ACTION ITEM:
The required copy runs from the first line of the material through the line containing "Naked Victoria lays", exactly as written and without pictures.

RAW DATA:
= Beginning of Section =

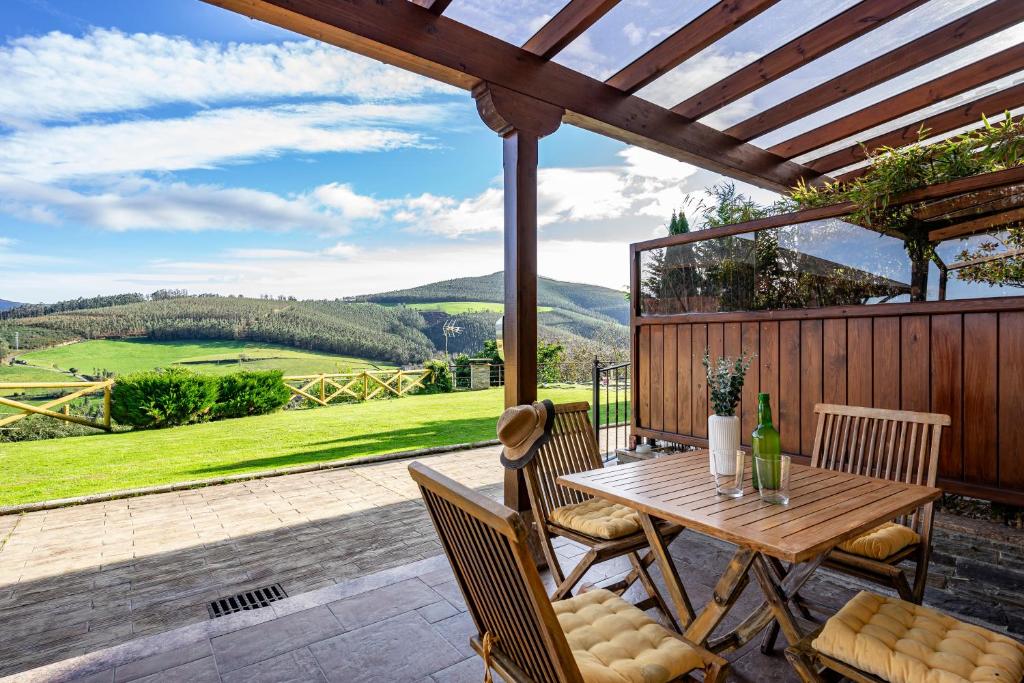 a wooden table and chairs on a patio with a view at L de Alborada del Eo in Villameitide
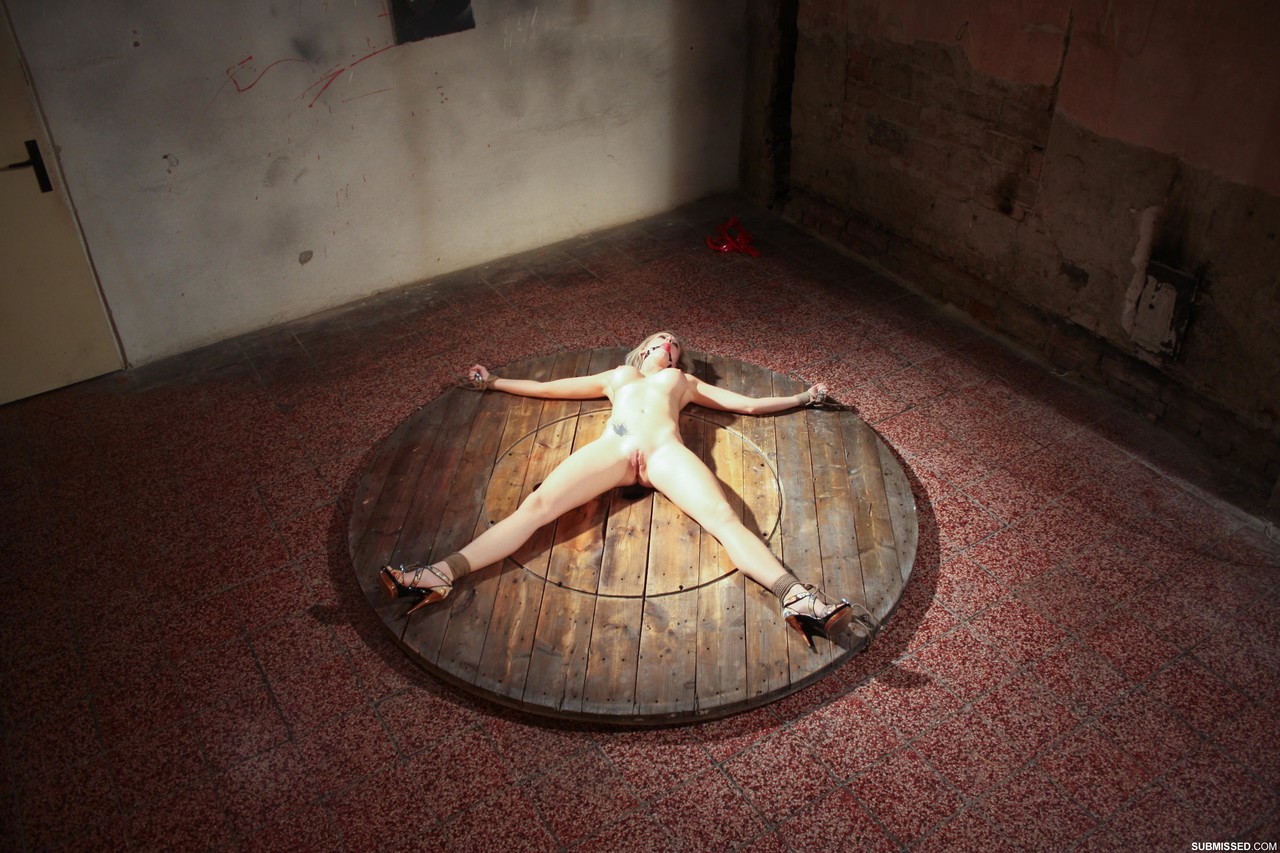 Naked Victoria lays like a starfish being tied to the round wooden scene photo porno #428249706 | Submissed Pics, Victoria, Bondage, porno mobile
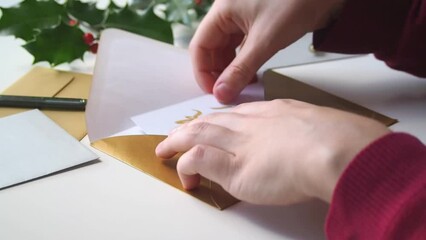 Close-up on the hands of a girl sending a thank you card in a golden envelope  to friends or family during the winter holidays, to express gratitude after receiving christmas gifts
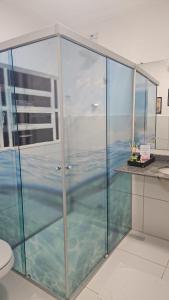 a glass shower in a bathroom with water at Nobre Flats 201 in Petrolina +10 photos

= End of Section =

RESPONSE TO THIS TASK:
 a wooden table and chairs on a patio with a view at L de Alborada del Eo in Villameitide
 Naked Victoria lays like a starfish being tied to the round wooden scene photo porno #428249706 | Submissed Pics, Victoria, Bondage, porno mobile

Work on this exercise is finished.